Page 2 of 2
Re: HDD Monitoring on Bare metal server
Posted: Mon Mar 02, 2020 3:01 pm
by MOHANREDDY
The script didn't pass, its failing with the below error.
./check_smarton -d /dev/sda1
CRITICAL: device does not pass health status
But the disk is healthy. I am not aware of what to do here.
Thanks,
Re: HDD Monitoring on Bare metal server
Posted: Mon Mar 02, 2020 3:15 pm
by lmiltchev
Can you run the following command and show the output?
Re: HDD Monitoring on Bare metal server
Posted: Mon Mar 02, 2020 4:18 pm
by MOHANREDDY
Please see PM
Re: HDD Monitoring on Bare metal server
Posted: Mon Mar 02, 2020 4:25 pm
by lmiltchev
It seems like that smartctl is not able to monitor the drive as SMART support is not available...

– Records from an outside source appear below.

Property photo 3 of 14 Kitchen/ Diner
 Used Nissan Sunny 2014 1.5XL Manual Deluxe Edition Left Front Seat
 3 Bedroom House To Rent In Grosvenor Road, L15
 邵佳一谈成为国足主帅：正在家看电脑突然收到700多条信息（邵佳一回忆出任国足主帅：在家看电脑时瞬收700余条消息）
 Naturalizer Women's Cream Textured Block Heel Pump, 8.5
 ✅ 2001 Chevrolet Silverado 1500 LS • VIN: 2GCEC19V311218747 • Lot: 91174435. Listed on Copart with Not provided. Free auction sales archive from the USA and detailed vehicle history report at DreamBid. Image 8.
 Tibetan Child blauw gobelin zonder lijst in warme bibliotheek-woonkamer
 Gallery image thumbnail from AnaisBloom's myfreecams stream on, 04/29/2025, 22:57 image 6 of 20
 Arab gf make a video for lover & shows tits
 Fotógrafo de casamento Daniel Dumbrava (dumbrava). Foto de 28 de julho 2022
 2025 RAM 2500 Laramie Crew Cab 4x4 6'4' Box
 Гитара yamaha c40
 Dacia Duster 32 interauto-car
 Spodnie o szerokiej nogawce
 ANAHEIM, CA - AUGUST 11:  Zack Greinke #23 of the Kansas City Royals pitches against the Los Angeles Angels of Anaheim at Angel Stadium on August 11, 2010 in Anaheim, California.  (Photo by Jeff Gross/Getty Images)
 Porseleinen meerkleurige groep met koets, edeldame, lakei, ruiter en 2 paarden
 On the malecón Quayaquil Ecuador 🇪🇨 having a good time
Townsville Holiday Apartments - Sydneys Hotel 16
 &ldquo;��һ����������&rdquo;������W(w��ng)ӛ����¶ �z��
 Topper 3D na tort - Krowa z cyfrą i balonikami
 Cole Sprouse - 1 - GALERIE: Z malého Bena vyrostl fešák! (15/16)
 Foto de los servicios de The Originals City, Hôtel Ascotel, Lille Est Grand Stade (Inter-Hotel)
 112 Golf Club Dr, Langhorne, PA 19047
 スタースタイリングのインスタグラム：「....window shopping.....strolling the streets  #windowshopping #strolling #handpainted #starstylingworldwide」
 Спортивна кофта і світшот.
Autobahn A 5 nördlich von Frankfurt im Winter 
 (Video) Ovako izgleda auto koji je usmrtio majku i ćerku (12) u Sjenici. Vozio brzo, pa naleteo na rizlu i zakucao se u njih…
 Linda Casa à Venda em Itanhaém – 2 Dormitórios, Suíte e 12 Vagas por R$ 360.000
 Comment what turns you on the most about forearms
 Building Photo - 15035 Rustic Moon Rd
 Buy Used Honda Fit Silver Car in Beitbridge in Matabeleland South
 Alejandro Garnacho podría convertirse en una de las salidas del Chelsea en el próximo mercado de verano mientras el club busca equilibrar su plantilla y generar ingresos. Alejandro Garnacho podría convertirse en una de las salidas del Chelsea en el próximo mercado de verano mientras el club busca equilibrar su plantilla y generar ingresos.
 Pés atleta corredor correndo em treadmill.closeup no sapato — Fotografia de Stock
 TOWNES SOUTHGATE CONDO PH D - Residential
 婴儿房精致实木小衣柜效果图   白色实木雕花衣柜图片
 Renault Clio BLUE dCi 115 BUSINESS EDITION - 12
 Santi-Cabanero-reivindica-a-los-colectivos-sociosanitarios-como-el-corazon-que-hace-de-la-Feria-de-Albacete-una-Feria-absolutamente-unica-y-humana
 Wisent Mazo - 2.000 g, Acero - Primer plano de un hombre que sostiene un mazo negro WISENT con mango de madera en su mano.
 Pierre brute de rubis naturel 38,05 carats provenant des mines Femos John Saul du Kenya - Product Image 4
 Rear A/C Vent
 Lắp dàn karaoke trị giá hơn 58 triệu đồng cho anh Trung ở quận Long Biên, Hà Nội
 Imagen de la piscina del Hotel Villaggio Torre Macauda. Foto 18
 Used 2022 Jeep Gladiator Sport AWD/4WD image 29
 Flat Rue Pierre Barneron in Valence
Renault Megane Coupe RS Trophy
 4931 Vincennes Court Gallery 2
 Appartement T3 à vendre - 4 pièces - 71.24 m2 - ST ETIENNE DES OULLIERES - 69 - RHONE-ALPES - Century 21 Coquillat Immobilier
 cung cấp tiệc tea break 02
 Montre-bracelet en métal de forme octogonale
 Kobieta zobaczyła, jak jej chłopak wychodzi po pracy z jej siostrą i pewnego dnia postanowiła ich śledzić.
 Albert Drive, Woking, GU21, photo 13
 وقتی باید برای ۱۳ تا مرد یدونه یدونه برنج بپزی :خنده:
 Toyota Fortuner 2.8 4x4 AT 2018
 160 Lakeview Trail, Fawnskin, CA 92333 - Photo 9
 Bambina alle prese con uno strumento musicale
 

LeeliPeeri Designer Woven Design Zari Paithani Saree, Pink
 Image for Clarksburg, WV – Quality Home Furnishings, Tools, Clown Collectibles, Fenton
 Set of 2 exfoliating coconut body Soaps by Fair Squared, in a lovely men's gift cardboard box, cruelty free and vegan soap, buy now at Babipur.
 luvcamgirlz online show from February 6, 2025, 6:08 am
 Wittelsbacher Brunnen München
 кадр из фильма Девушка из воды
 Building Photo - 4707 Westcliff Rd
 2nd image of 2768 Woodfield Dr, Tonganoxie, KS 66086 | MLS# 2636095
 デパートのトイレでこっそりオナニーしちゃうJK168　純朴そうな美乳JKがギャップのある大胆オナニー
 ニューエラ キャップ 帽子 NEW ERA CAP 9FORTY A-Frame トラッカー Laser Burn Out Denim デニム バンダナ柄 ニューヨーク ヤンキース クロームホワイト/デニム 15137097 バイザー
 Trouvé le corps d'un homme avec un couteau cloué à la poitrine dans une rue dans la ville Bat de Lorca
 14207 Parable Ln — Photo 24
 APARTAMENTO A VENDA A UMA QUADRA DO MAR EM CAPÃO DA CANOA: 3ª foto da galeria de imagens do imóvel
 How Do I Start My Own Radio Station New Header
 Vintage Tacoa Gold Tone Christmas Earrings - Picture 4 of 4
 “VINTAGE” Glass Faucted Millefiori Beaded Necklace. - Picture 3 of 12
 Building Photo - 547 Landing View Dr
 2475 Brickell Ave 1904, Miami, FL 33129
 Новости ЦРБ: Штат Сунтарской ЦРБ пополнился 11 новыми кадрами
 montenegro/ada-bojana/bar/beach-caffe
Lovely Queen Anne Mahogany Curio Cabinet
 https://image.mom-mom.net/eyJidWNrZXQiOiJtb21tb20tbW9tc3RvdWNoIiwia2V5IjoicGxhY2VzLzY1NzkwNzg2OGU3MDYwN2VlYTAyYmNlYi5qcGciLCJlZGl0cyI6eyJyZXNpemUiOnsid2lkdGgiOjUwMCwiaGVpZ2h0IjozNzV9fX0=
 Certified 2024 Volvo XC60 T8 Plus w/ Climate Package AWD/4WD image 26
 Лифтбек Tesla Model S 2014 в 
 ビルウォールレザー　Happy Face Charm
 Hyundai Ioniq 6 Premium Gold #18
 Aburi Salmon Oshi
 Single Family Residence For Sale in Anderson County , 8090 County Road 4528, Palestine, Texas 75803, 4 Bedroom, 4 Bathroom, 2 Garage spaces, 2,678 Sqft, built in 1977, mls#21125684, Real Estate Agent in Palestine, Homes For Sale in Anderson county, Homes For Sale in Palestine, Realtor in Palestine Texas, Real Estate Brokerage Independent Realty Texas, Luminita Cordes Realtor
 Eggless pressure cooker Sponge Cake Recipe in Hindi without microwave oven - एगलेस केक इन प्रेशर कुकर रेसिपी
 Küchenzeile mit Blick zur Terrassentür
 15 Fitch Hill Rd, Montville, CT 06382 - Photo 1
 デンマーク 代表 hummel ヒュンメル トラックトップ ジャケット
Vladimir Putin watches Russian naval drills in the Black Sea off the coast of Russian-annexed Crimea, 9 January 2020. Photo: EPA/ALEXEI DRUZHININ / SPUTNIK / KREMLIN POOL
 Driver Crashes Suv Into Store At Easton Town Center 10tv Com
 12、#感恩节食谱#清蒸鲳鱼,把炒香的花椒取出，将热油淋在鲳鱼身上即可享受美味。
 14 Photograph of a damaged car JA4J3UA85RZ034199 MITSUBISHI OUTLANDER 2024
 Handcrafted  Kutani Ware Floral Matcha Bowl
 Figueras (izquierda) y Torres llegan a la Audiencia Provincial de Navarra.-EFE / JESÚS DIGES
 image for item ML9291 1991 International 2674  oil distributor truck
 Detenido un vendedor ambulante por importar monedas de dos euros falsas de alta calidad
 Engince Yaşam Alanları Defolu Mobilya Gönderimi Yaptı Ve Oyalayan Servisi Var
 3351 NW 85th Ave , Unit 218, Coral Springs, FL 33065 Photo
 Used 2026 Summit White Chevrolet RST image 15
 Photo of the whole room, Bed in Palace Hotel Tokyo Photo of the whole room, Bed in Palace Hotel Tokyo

SMART support is: Unavailable - device lacks SMART capability.
You would need to contact the hardware vendor and find out if your device has a SMART capability, and how it can be monitored. Obviously, this cannot be done via the smartctl package.
Re: HDD Monitoring on Bare metal server
Posted: Wed Mar 18, 2020 10:34 am
by MOHANREDDY
i wrote a script to monitor multiple hard drives, i have 6 servers with same configuration, the script works fine from local servers. also from nagios on 1 server i got OK state but on the remaining servers, its throwing UNKNOWN state.
# /usr/local/nagios/libexec/check_nrpe -H server1 -t 90 -c check_smart_multidrive
OK: [megaraid,0] - Device is clean --- [megaraid,1] - Device is clean --- [megaraid,2] - Device is clean --- [megaraid,3] - Device is clean --- [megaraid,4] - Device is clean --- [megaraid,5] - Device is clean --- [megaraid,6] - Device is clean --- [megaraid,7] - Device is clean --- [megaraid,8] - Device is clean --- [megaraid,9] - Device is clean --- [megaraid,10] - Device is clean --- [megaraid,11] - Device is clean|
# /usr/local/nagios/libexec/check_nrpe -H server2 -t 90 -c check_smart_multidrive
UNKNOWN: [megaraid,0] - No health status line found --- [megaraid,1] - No health status line found --- [megaraid,2] - No health status line found --- [megaraid,3] - No health status line found --- [megaraid,4] - No health status line found --- [megaraid,5] - No health status line found --- [megaraid,6] - No health status line found --- [megaraid,7] - No health status line found --- [megaraid,8] - No health status line found --- [megaraid,9] - No health status line found --- [megaraid,10] - No health status line found --- [megaraid,11] - No health status line found|
do i need to check on anything ?
Re: HDD Monitoring on Bare metal server
Posted: Wed Mar 18, 2020 12:22 pm
by lmiltchev
Troubleshooting custom scripts is out of scope of Nagios support. Having said that, one thing you should check is if you can run your script locally as nagios user. It is possible that check_nrpe is not working for some of the machines as nagios doesn't have sufficient permissions to obtain the data. Check to see if nagios is added to the sudoers file on the remote machines.